L’organisation de l’espace en villes, villages, terroirs a donné lieu à des conflits transhistoriques. Le peuple des bourgs et des villages a supporté la révolution de 1804. Ils ont payé un prix fort pour la libération nationale d’Haïti et l’abolition de l’esclavage. Aujourd’hui, après plus de 200 ans d’histoire, de luttes, ils se retrouvent des “paysans sans terres”, chassés de leur territoire par des politiciens inconscients et parasites. Ils se retrouvent exilés à Cuba, en République Dominicaine dans les bateys, en Martinique, Guadeloupe, Guyane, en Amérique du Nord, en Amérique du Sud, et ailleurs dans le monde. Ils ont fait la révolution contre l’esclavagisme et le racisme. Ils ont contribué à ériger un pays à la sueur de leur front et au prix de sacrifices innombrables. Aujourd’hui, ils se retrouvent en Diaspora, aux côtés de leurs compatriotes plus éduqués, plus instruits, peut-être mieux lotis sur certains plans.
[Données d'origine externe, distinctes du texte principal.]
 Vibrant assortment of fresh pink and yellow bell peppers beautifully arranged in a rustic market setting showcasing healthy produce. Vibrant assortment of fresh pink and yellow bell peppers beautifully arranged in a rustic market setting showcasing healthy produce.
La Diaspora haitienne est loin d’être uniforme et charrie les conflits cités plus haut. Tout Haitien dans la Diaspora est né ou habitait à Petion-Ville ou une grande ville (pour cacher leurs origines modestes). La dichotomie discriminatoire “Nèg anwo” vs “Nèg anba”/ “Nèg andeyo” vs “Nèg lavil” est plus qu’une réalité dans la Diaspora Haitienne. Des bons à rien n’hésitent pas à faire appel à leur origine sociale. Des fils de pute attitrée, d’assassins notoires, de corrompus font la grande gueule et osent cracher même sur de rudes travailleurs qualifiés de nègres marrons. Ces “constipés” feignent d’ignorer qu’aux yeux du blanc, ils sont des nègres également. Les paysans d’autrefois, devenus membres à part entière de la classe moyenne dans les pays d’accueil essaient de se venger sournoisement des autres et sont portés à reproduire le meme ostracisme dont ils furent l’objet. La discrimination existe dans toute société, mais certains groupes ethniques s’unissent dans la diversité pour faire avancer leur agenda.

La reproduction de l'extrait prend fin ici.